2. Make a new definition of success

Ha! Guess what? If you did the exercise above, then you’ve got a brand-new model of success. Turn it into a paragraph. Here’s a sample of what it might look like:

“Success means looking forward to interacting with my kids when I get home from work. It means taking care of my health by going to the gym 3x/wk and cooking some healthy meals. I want to connect with my friends and family and talk about more than just what’s going on with work. I want the energy to read Kayla a bedtime story before bed. Success means supporting my coworkers at work and getting support from my management. It means leaving work at work, so I can be home for my family…”

This paragraph is unique to you. No one else is going to have one just like it. You might find that there are statements you THINK you should have, but secretly don’t really want. Be a little selfish and only keep those statements that feel like a big ‘YES’. There’s a reason for this.
 

3. What can you do to get it?

You now have your own definition of success, and you can see how different it is from the old model.

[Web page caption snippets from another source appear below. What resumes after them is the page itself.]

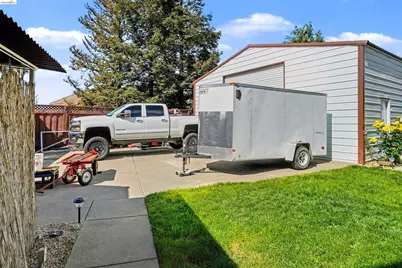 2752 Placer Dr, Oakley, CA 94561 - Photo 38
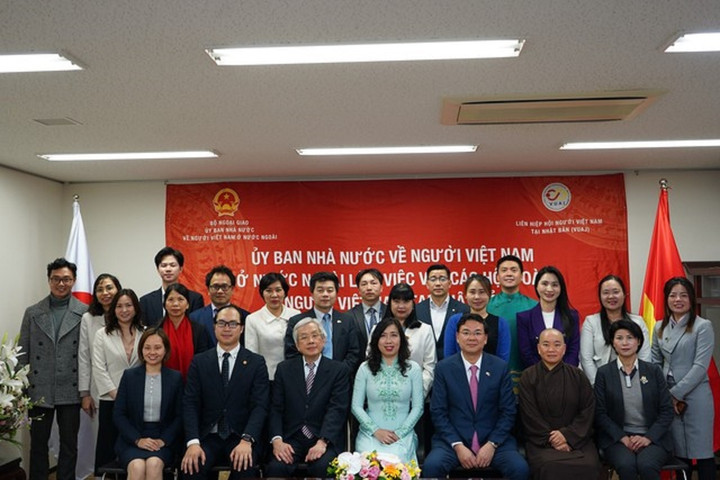 Thứ trưởng Bộ Ngoại giao Lê Thị Thu Hằng và Đại sứ Việt Nam tại Nhật Bản Phạm Quang Hiệu, cùng Hội đoàn người Việt Nam tại Nhật Bản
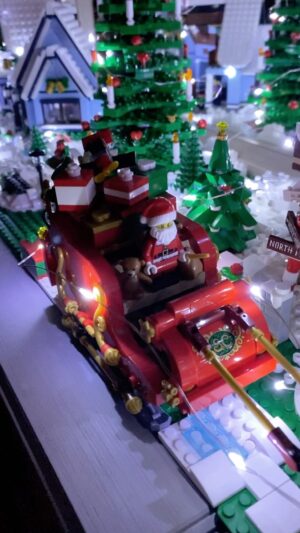 Laurent Kerusoré Instagram - Je vous présente mes legos de noël… il n’y a pas d’âge pour jouer. Et pour moi jouer c’est aussi rêver… @lego @legofrance_official @legolanddeutschlandresort #lego #legocreator #legoideas #villagedenoël #noël #joyeuxnoël #rêver #jouet #merrychristmas #christmastree #sapindenoël #🎄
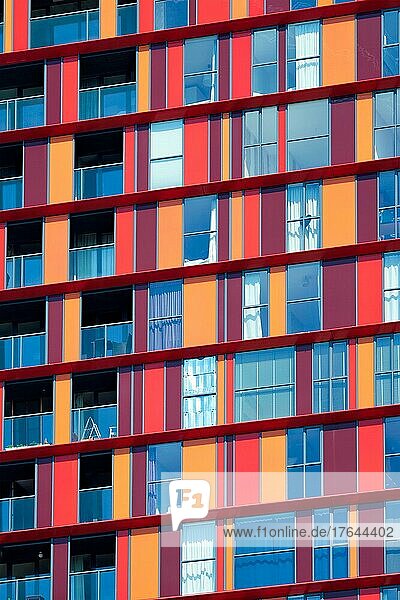 Moderne Hausfassade eines Wohnhauses mit Fenstern und Balkonen. Rotterdam (berühmt für moderne Architektur)  Niederlande  Europa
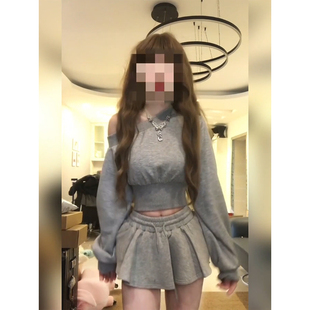 两件套 蓬蓬短裙裤 XZY 微胖辣妹风极简灰色斜肩收腰上衣女25年冬季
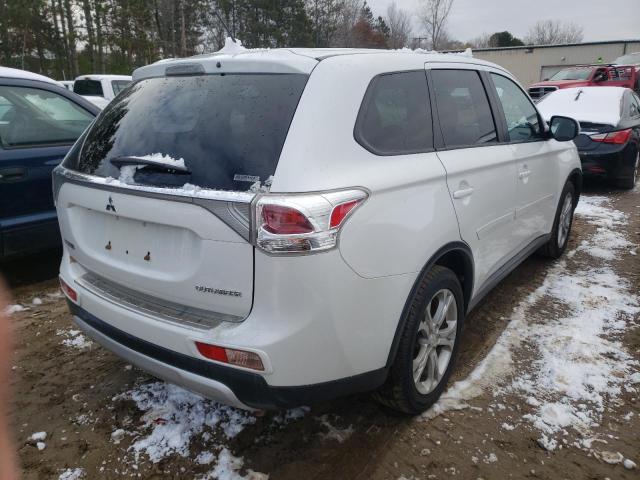 Photo 4 from auction – 2015 MITSUBISHI OUTLANDER with VIN JA4AZ3A33FZ005129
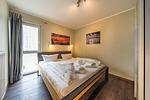 Erstes Schlafzimmer mit Doppelbett im sinf51-1-S, Nordsee-Resort Friesland, Mellumweg 1 in Schillig - NordseeResort Friesland 51-1-S - Top-Hundeurlaub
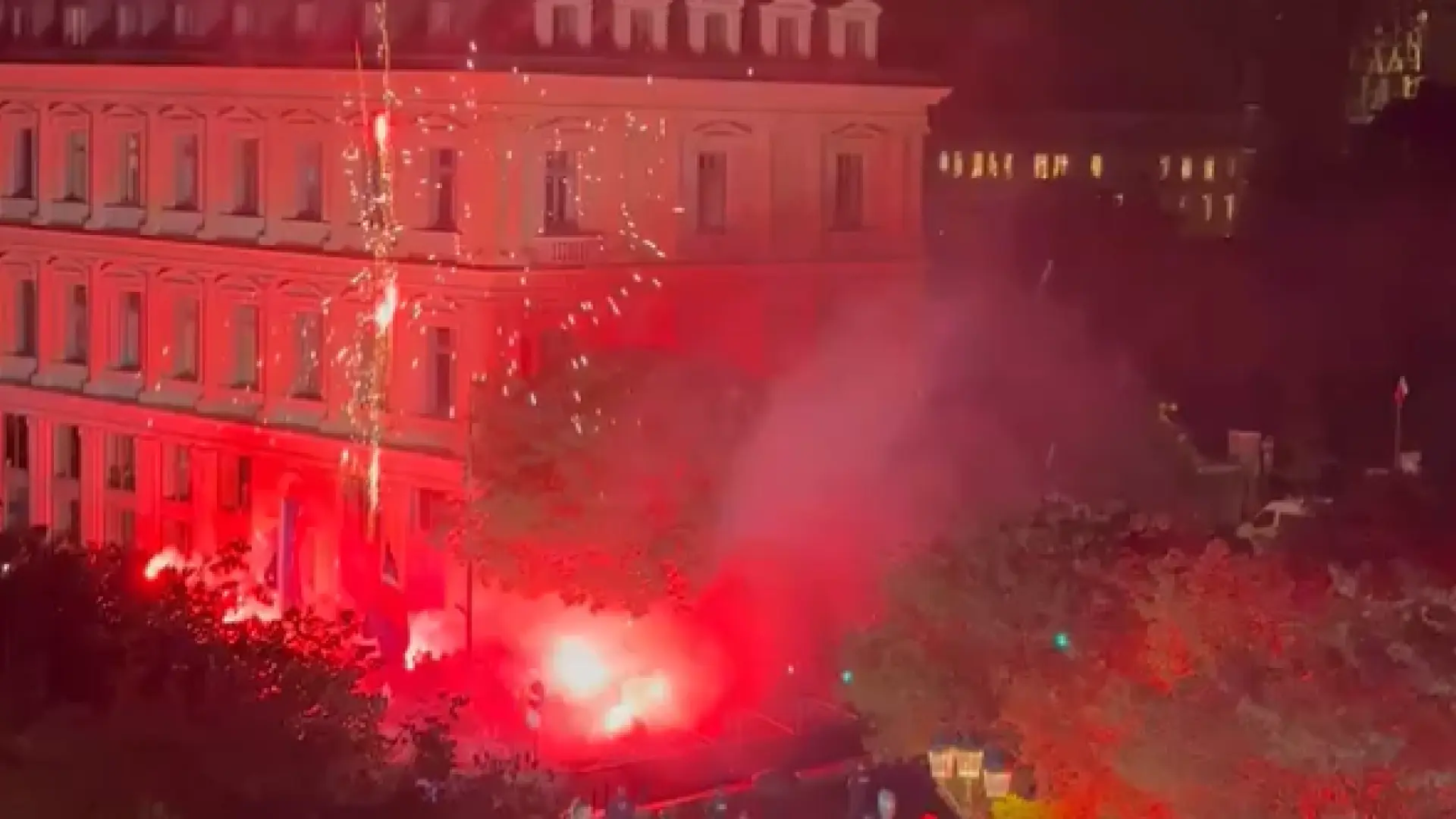 Los ultras del PSG toman las calles de París con bengalas y fuegos artificiales para celebrar el Balón de Oro de Dembélé
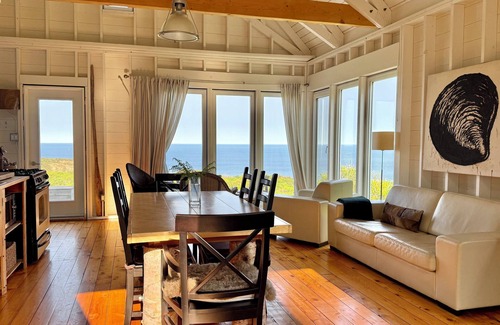Chimney Corner Cottage | Stunning Cottage and Ocean Views 3 min. to Beach, near Cabot Trail & Park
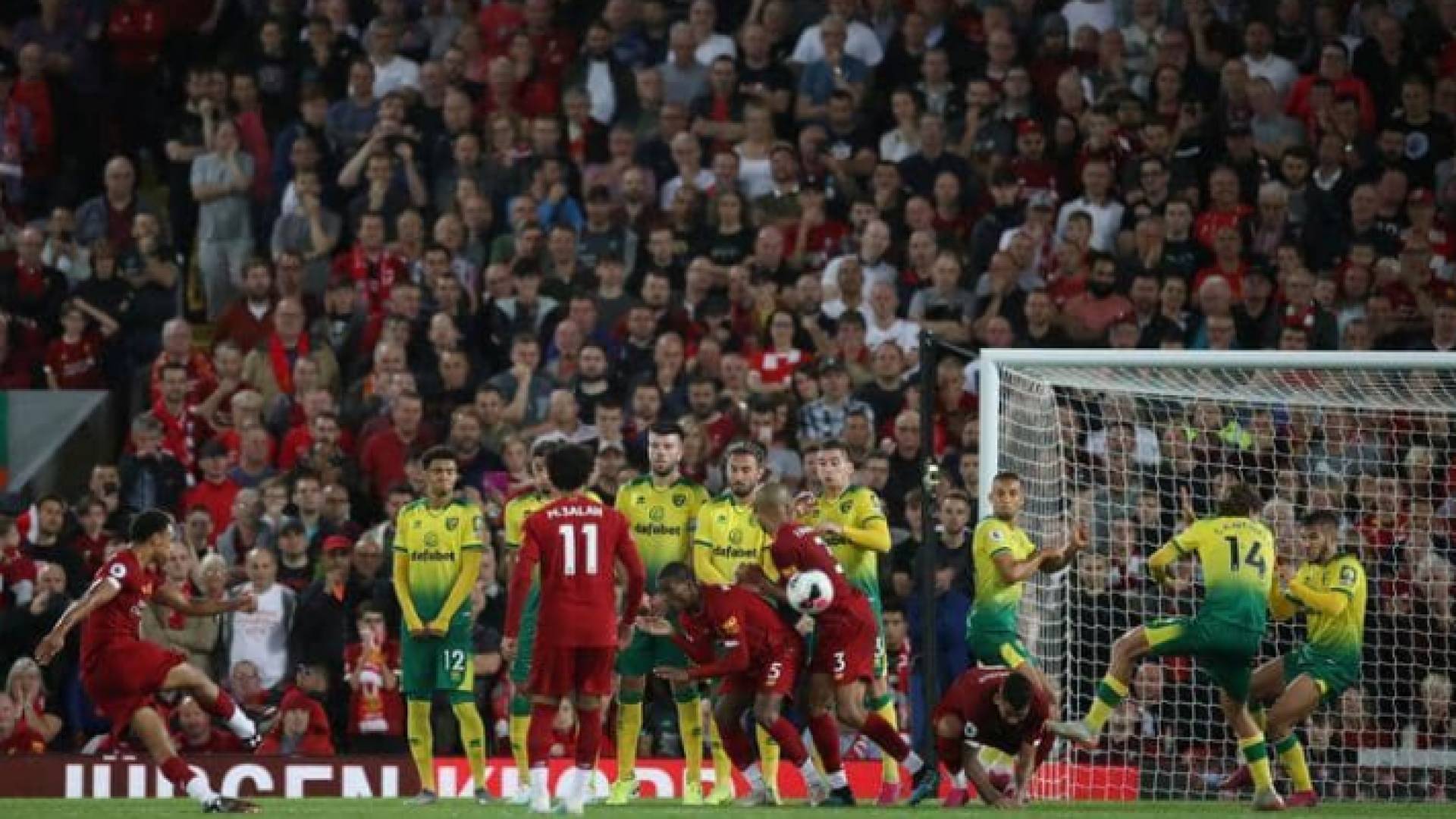 لحظة تنفيذ ليفربول للركلة الحرة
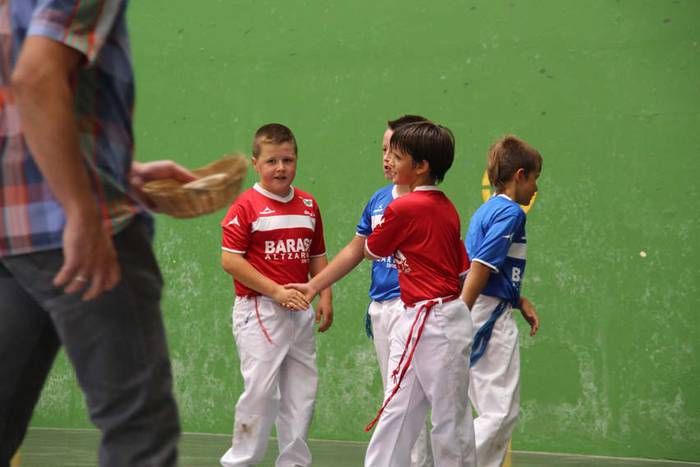 Andra Mari eguna Albizturren 8 1439642371488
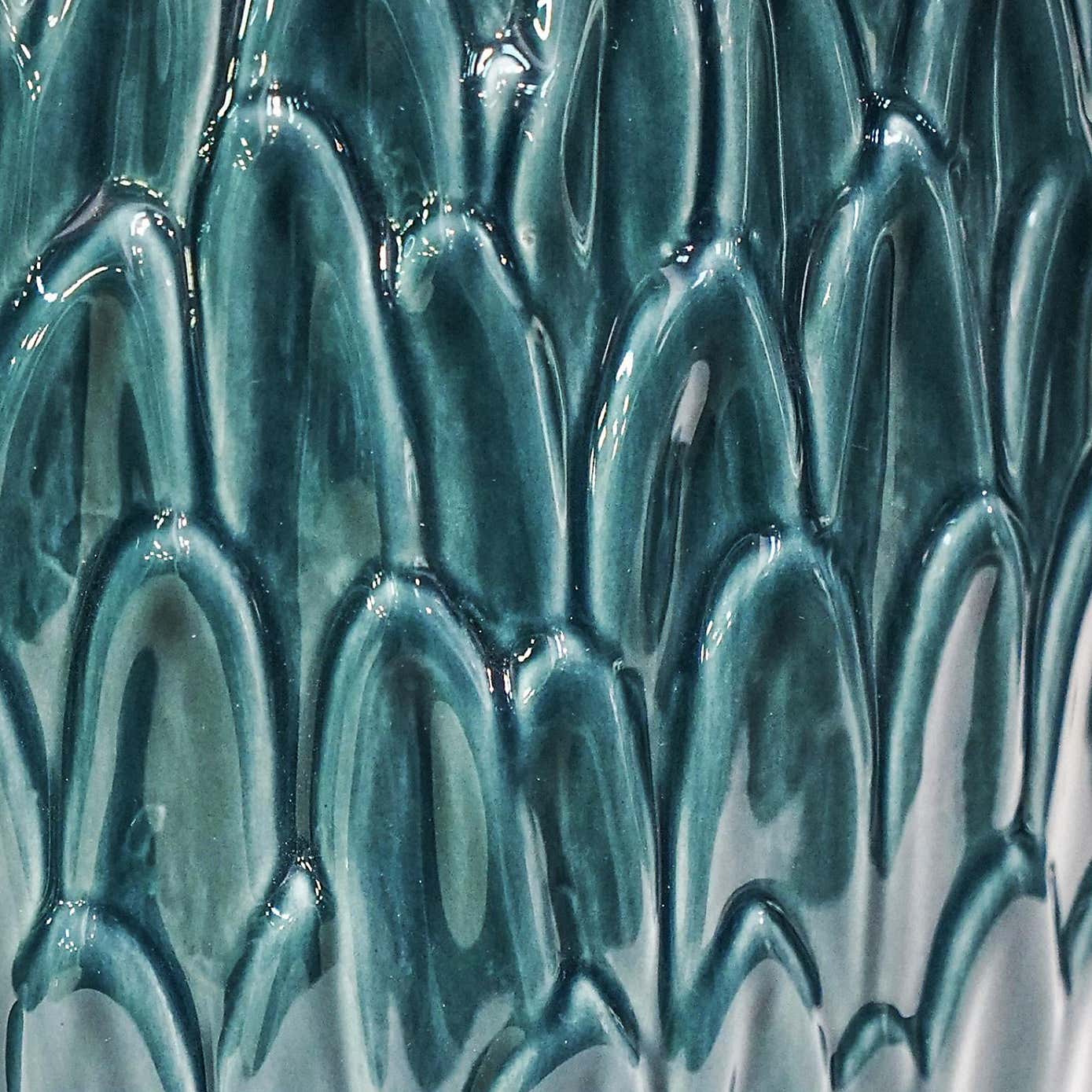 Arles Leaf Embossed Planter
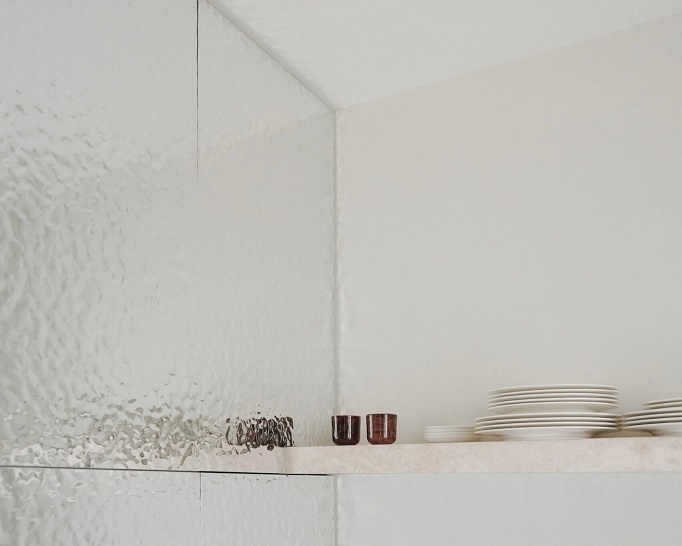 米兰公寓的绿色大理石巨墙(图10)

As you focus on your new version, think about the things you’re doing and the habits you have that aren’t giving you the results you crave.

How can you change those?

Change is imminent because you now have a completely new direction to focus your energy on. And change change be hard which is why each part of your success definition needs to feel impactful to motivate you into action.

Here’s some examples of changes you might make:
  • Take an extra day off work once a week
  • Say ‘no’ when work tasks come your way
  • Let go of getting a raise/promotion
  • Go to a less stressful job
  • Stop bringing work home
  • Only work xx hours and no more
  • Go to the gym after work
  • Find other things to talk about besides work
  • Schedule your kids into your calendar.

 

4. Go Get it

Pick one thing out of your list and take action this week! Lay out what results you’ll get from this one thing. When you see why you’re making the change, you’re more apt to do it.

Go and have some fun with this. Remember, this isn’t a list of things you’re supposed to do. It’s a list of ideas that’ll help you take control of your situation so you can enjoy your work and your life a whole lot more. Experiment and enjoy!